Конечно, от этого у доктора Дулиттла намного прибавлялось хлопот. Сам О’Скалли это прекрасно понимал, но ничего не мог с собой поделать. При виде несчастных собратьев у него сердце кровью обливалось.
— Судьба у собак нелегкая, — говорил он, когда Крякки принималась бранить его. — У многих жизнь не складывается, что же плохого в том, что я протяну им лапу помощи?
В отличие от Крякки доктор Дулиттл радовался, когда к нему приходили больные звери. Он считал, что человеческую жизнь надо мерить не прожитыми годами, а числом добрых дел. И он очень жалел, что дом у него маленький и он не может взять с собой в Паддлеби бездомных лондонских собак.
— Но почему, господин доктор? — удивлялся О’Скалли. — У вас большой сад, там можно поставить одну большую конуру, где поместится дюжина псов. Да и в доме место найдется, если Немного потесниться.
И вот в один прекрасный день сердце О’Скалли не выдержало. Он, по совету Крякки, долго крепился и не тратил свои деньги, чтобы всей семейке было на что жить, когда Джон Дулиттл снова окажется без гроша в кармане. Но что делать, если каждый день встречаешь на улице разнесчастных собратьев?
И наконец О’Скалли решился сделать то, о чем давно мечтал, — открыть в Лондоне ночлежку и бесплатную столовую для собак.
Пес позвал на помощь Бу-Бу, и она посчитала, сколько денег понадобится на его затею. Когда все было посчитано, сова схватилась за голову.
— Бесплатная столовая будет бесплатной только для твоих бродячих сородичей, а тебе придется выложить уйму денег. Всех твоих сбережений хватит только на один день.
Огорченный О’Скалли пошел к доктору, но и тот сказал то же самое, что и сова.
— А если обойтись без ночлежки и столовой, а только раздавать собакам кости? — не сдавался О’Скалли, уж больно ему хотелось помочь другим.
Он вернулся к сове, и они снова принялись считать и пересчитывать. Оказалось, что денег О’Скалли хватит в обрез на то, чтобы неделю подкармливать косточками весь собачий Лондон.
— Пусть будет хоть так, — обреченно согласился пес.

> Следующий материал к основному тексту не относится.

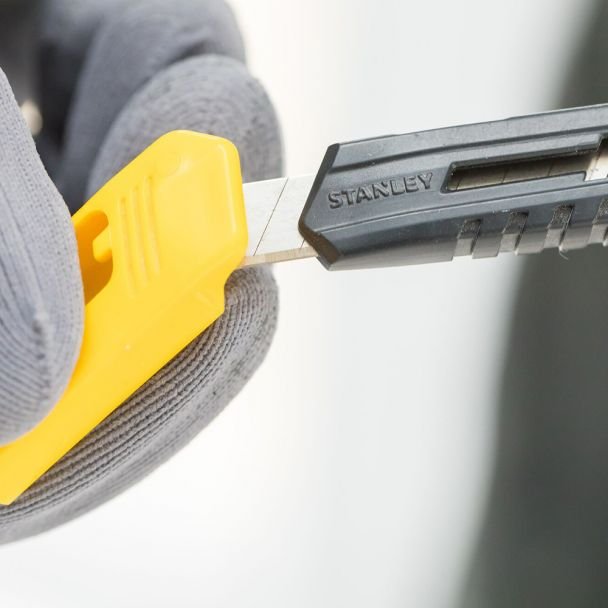 Cutter SM Stanley 0-10-150, 9 x 130mm, blister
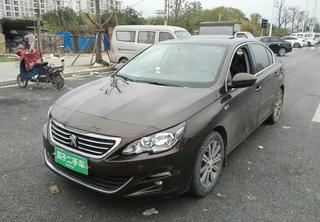 福州8至11萬標致標致408二手車報價,出售,交易市場 第一車網(wǎng)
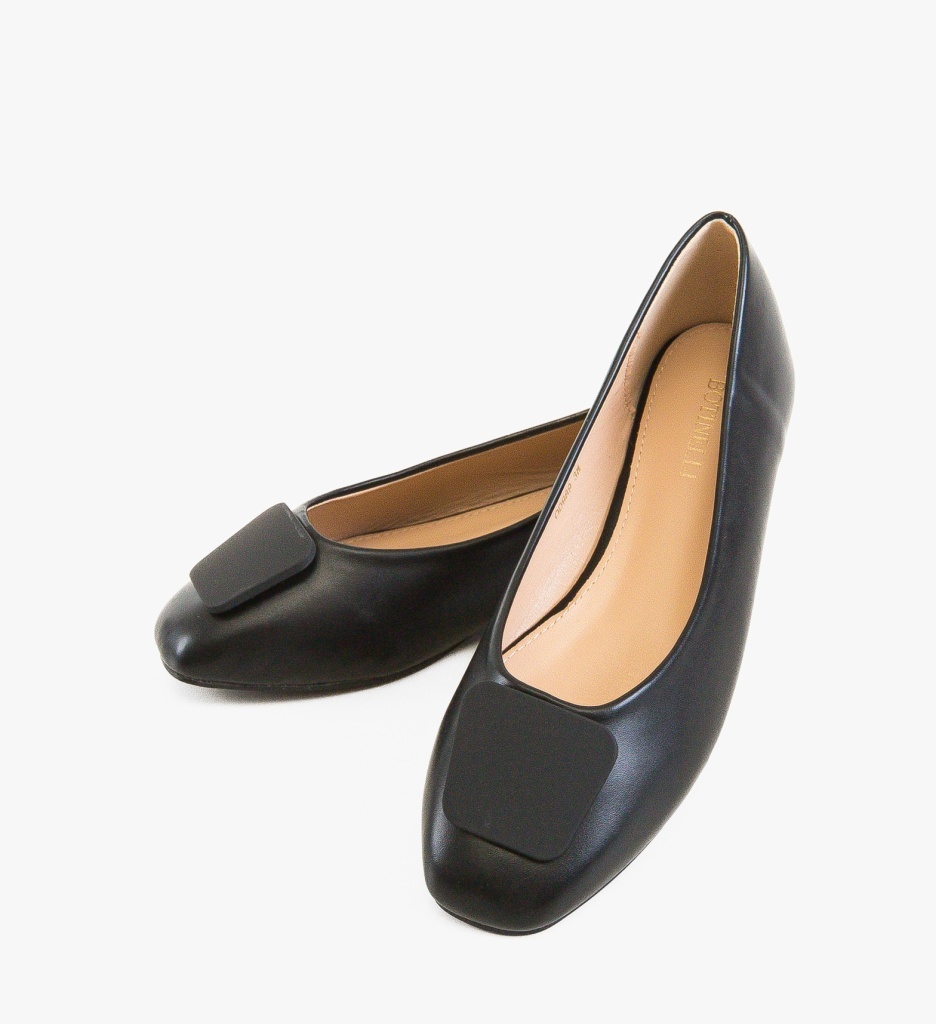 Balerini Katry Negri | Confort și Stil Casual - imagine 4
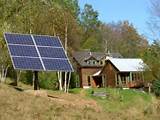 Off Grid Solar Examples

И он взялся за дело. Уже через два дня половина лондонских мясников свозила кости на склад на берегу Темзы и сваливала их там. Рыжий веснушчатый парень со смехом выдавал собакам по кости в зубы, а О’Скалли стоял у входа, приветствовал старых знакомых и родственников и сам следил, чтобы все было справедливо.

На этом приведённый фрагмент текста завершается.